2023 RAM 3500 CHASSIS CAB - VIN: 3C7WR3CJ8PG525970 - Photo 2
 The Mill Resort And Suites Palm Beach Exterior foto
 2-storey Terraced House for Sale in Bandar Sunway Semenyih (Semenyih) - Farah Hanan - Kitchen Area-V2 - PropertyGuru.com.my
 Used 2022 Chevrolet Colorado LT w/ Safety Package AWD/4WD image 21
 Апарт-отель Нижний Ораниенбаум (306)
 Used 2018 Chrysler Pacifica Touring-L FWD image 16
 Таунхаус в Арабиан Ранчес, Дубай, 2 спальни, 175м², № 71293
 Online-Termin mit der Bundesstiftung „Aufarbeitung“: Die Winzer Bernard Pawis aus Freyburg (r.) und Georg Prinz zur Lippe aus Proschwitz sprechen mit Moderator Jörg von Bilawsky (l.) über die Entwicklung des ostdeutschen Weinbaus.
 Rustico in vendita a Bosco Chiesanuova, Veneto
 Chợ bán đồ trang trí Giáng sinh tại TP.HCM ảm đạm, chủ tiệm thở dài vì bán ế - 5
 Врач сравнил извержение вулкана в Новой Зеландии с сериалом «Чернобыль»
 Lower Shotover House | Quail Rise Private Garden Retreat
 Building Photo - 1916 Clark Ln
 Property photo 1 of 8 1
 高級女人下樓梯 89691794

# Your assignment:
Your answer should be only a number: how many lines of the data above contain the string "Used"?

# Exercise output:
2